12. A new word discovery apparatus comprising:

the system comprises a first acquisition module, a second acquisition module and a third acquisition module, wherein the first acquisition module is used for acquiring search data of expert users in at least one field, the search data comprises m search terms (m is more than or equal to 1), and the expert users are users whose behaviors and/or levels in a certain field meet preset conditions;

and the first selection module is used for selecting part of the search words as new word candidate words according to the number of search users and/or the search times of each search word in the m search words in the field to which the search word belongs.

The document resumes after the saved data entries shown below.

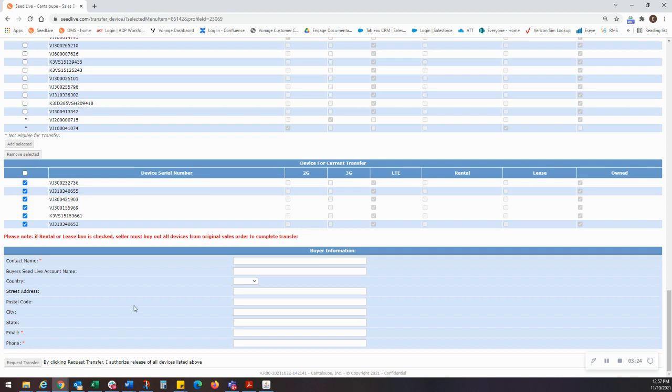The next page that will populate is a confirmation page. We do recommend printing this page for your records. From there, the transfers team will begin the process and reach out with any follow-up information required to complete the transfer.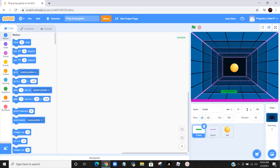Hey everybody, it's me, ProgramCuber17, and today we're going to be making a ping pong game.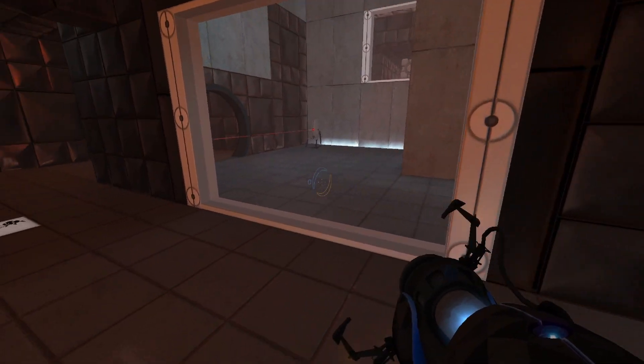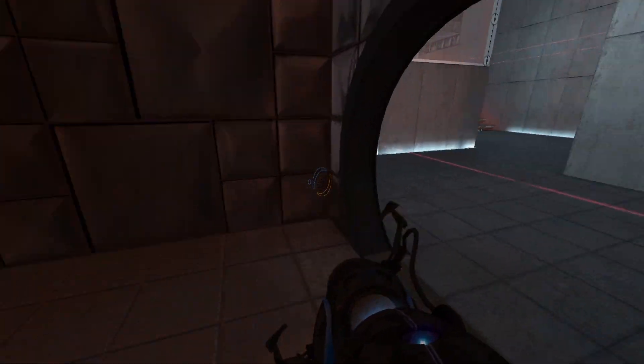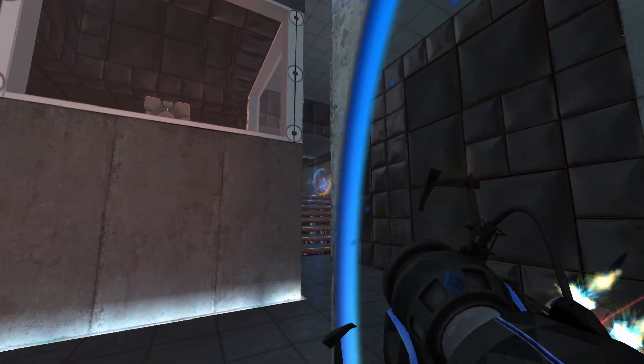Hello, and again, welcome to the Aperture Science Computer Aided Enrichment Center.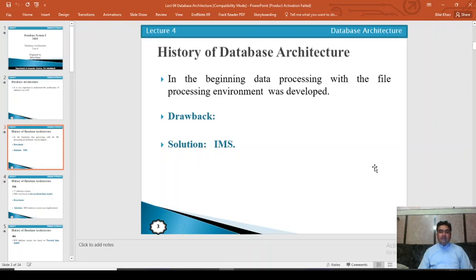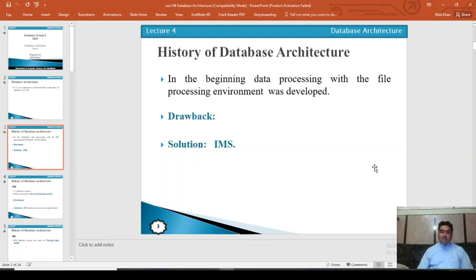Before discussing current architectures, we have to discuss the history of database architectures. At the beginning, there was a traditional file processing system, which was introduced to store, manipulate, and perform different operations with data. The problem with traditional file processing systems arose when the Moon Landing project generated a massive large volume of data that was difficult to handle.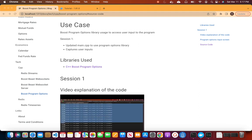Welcome to Shraaf's technical series. In today's video, we will discuss the Boost Program Options Library. This library provides a way to capture user inputs and pass them to sub-modules in the program. User inputs can be captured at the command line, through a configuration file, or from environment variables.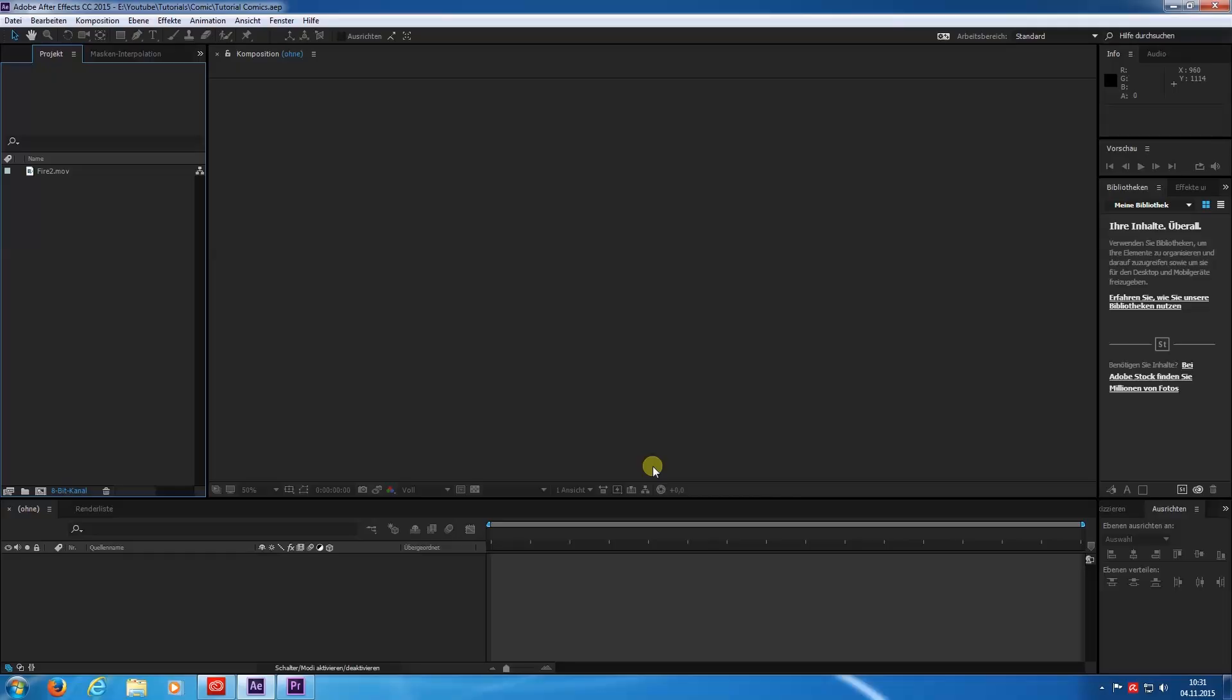Welcome to another episode of me trying to speak English and fail miserably, especially when it comes to grammar or pronouncing words like miserably. You get it. Today I want to show you my approach to apply a comic look to footage without using any further plugins.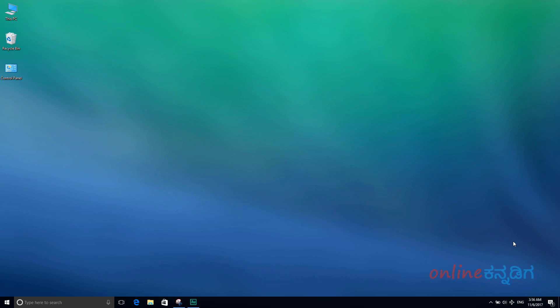Hello everyone, welcome to Alain Kanndiga YouTube channel. In this video, you are on your Windows computer and logged in to your user account.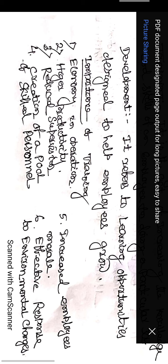Reduced supervision: trained employees require less supervision, and a single supervisor can supervise a large number of employees. This results in a reduced number of supervisors. Creation of a pool of skilled personnel: training enables an organization to create a pool of skilled personnel who may move to higher positions whenever the need arises.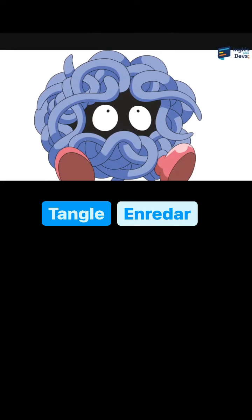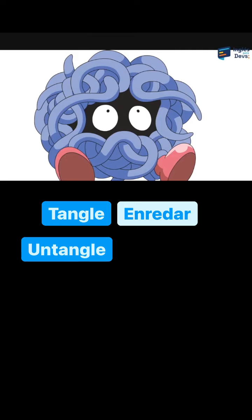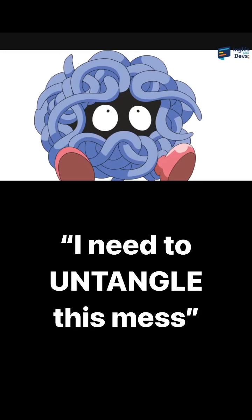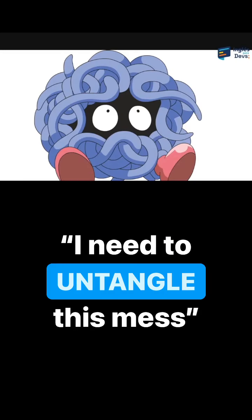Tangle quiere decir enredar. Untangle is the opposite — desenredar. You have to fix someone's code, que tienen que arreglar el código de alguien. You can say, oh, I need to untangle this mess.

13. The apparatus according to claim 12, wherein the first extracting means comprises:

the user number module is used for acquiring the number of searching users of the search word in the field within a period of time, wherein the number of searching users is the number of expert users in the field in which the search word is searched within the period of time; if the number of searching users of a searching word exceeds a preset searching user number threshold value, taking the searching word as a new word candidate word; and/or

The ratio module is used for acquiring the number of all expert users of the search term in the field to which the search term belongs and the number of the search users of the search term in the field to which the search term belongs within a period of time; and if the ratio of the number of the search users to the number of all expert users in the field exceeds a preset ratio threshold, taking the search word as a new word candidate word.

14. The neologism discovery apparatus of claim 12, further comprising:

the second acquisition module is used for acquiring search data ranks of a plurality of users in a preset range and extracting n search words (n is more than or equal to 1), wherein the search data ranks comprise search user number ranks and/or search frequency ranks, the search user number ranks rank ranks the search words according to the number of the search users, and the search frequency ranks the search words according to the searched frequency;

and the second selection module is used for acquiring the ranking change condition of each search word in the n search words in the search user ranking and/or search frequency ranking within a period of time, and selecting part of the search words as new word candidate words according to the ranking change condition.

15. The neologism discovery apparatus of claim 14, further comprising:

the third acquisition module is used for acquiring a plurality of commodity names;

and the third selection module is used for extracting new word candidate words from the plurality of commodity names.

16. A new word discovery apparatus comprising:

one or more processors;

a storage device for storing one or more programs,

wherein the one or more programs, when executed by the one or more processors, cause the one or more processors to perform the method of any of claims 1-11.

17. A computer readable medium having stored thereon executable instructions which, when executed by a processor, cause the processor to perform the method of any one of claims 1 to 11.